Chapel Hill is Hollywood to college basketball. It’s Tobacco Road that has conjured up some of the best.
Fame is Tar Heel baby blue.
This year is no different.
There’s no Vince, no Worthy, no Jamison8212;there’s most certainly no Michael.
It doesn’t matter.
This year’s Tar Heels squad is the best team in the nation, with the best coach in the nation.
Anyone beg to differ? My partner in crime, Tony Pizza, can’t get enough of Tom Izzo lately for some reason8212;there’s the potential thought process that he might think Jim Boylen might be, in fact, Izzo reincarnate here in Salt Lake City.
He could be, but this is now, not the future.
The Heels are now and they always have been.
Poll the nation and ask who’s the best point guard in the country.
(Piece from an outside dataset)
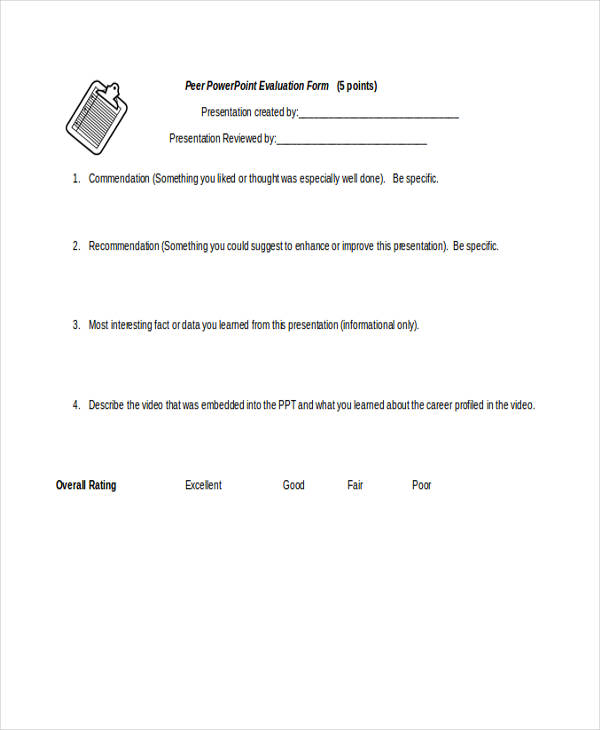 powerpoint peer presentation feedback form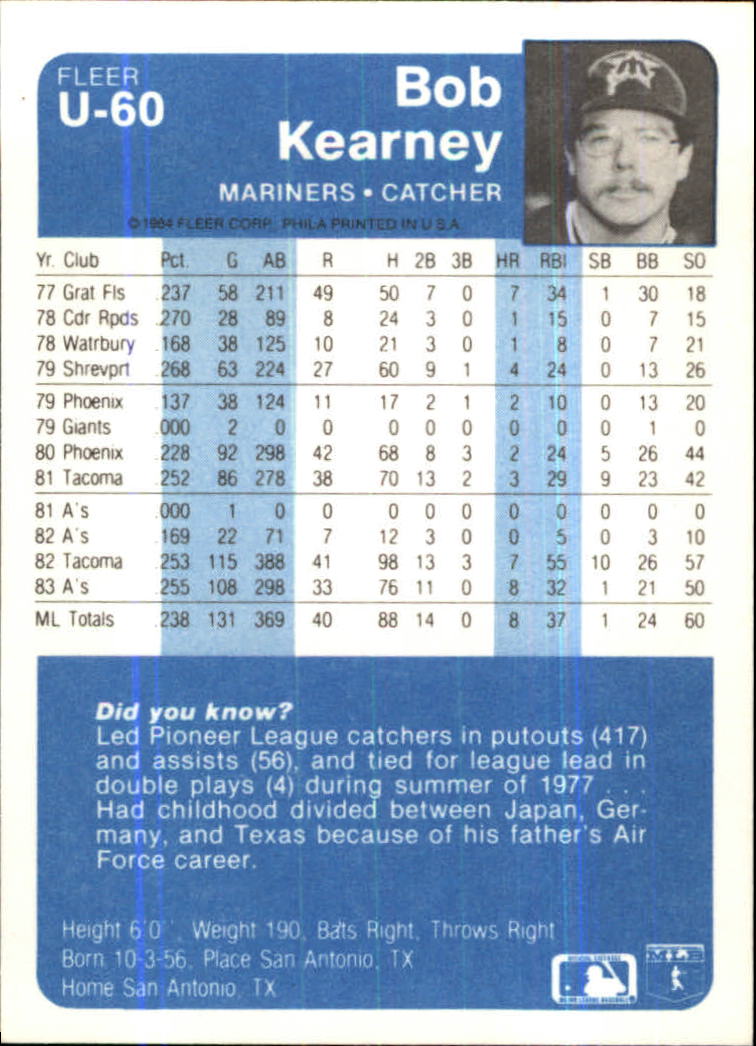 1984 Fleer Update #U60 Bob Kearney back image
Yeah, folks in upstate New York will plead for Jonny Flynn and his epic Big East Tournament.
Scottie Reynolds resurrected famed coast-to-coast endings, and A.J. Price provides the lethal injection when left open behind the arc.
Amateurs. Well, at least compared to the only game-changing player in college basketball this season.
Ty Lawson (2009 ACC Player of the Year) seems to hit 40 mph on fast breaks. The Heel’s point man has enough vision, pace and swagger to disrupt anyone.
With the obvious being Lawson’s unmatchable impact on big games, there’s America’s least favorite National Player of the Year.
The most awkward, hardworking player in the nation has more hate for him nationally than Chris Brown right now.
Tyler Hansbrough (2008 ACC Player of the Year) is the dirty guy.
He is akin to Paul Millsap or Leon Powe, but with much more fire and intensity, and he easily possesses the poutiest face in college basketball.
His moping mug has been a constant during his past four years at UNC, and he has the pristine ability to crawl underneath the skin of any opponent.
Nevermind the fact that Roy Williams, the most talented and likable coach in the nation, continually scrapes up exemplary recruits and morphs them into stars like it’s a second-rate hobby.
Williams has the talent coming out his ears.
Forget Lawson and Hansbrough.
Wayne Ellington hasn’t been stopped for the past three months. He is the most complete wing player in the country right now and is the perfect complement to the blurred speed of Lawson.
Danny Green is a 6-foot-6 wing that is one of the purest shooters in the nation and has no qualms silencing the opposing team with his knack for nailing 3-pointers from 25-plus feet out.
Deon Thompson? Ed Davis?
Two athletic towers that no one in college basketball can match. Sure, UConn’s Hasheem Thabeet is 7-foot-3-inches, but it would be similar to Yao Ming guarding Amar’e Stoudemire.
Although the Tar Heels are continually stacked with talent, it’s their experience that will trump all others.
Lawson, Green, Hansbrough and point guard Bobby Frasor are all seniors.
They also play under Williams, who knows success and potential when he sees it and strikes.
And to think the Heels are where they are now without their most explosive offensive threat, Marcus Ginyard.
It’s a broken record to pick a school and program as prestigious as UNC, but what can I say?
When it comes to college basketball, pick safely and go with the program that gave us the best player in the history of professional sports.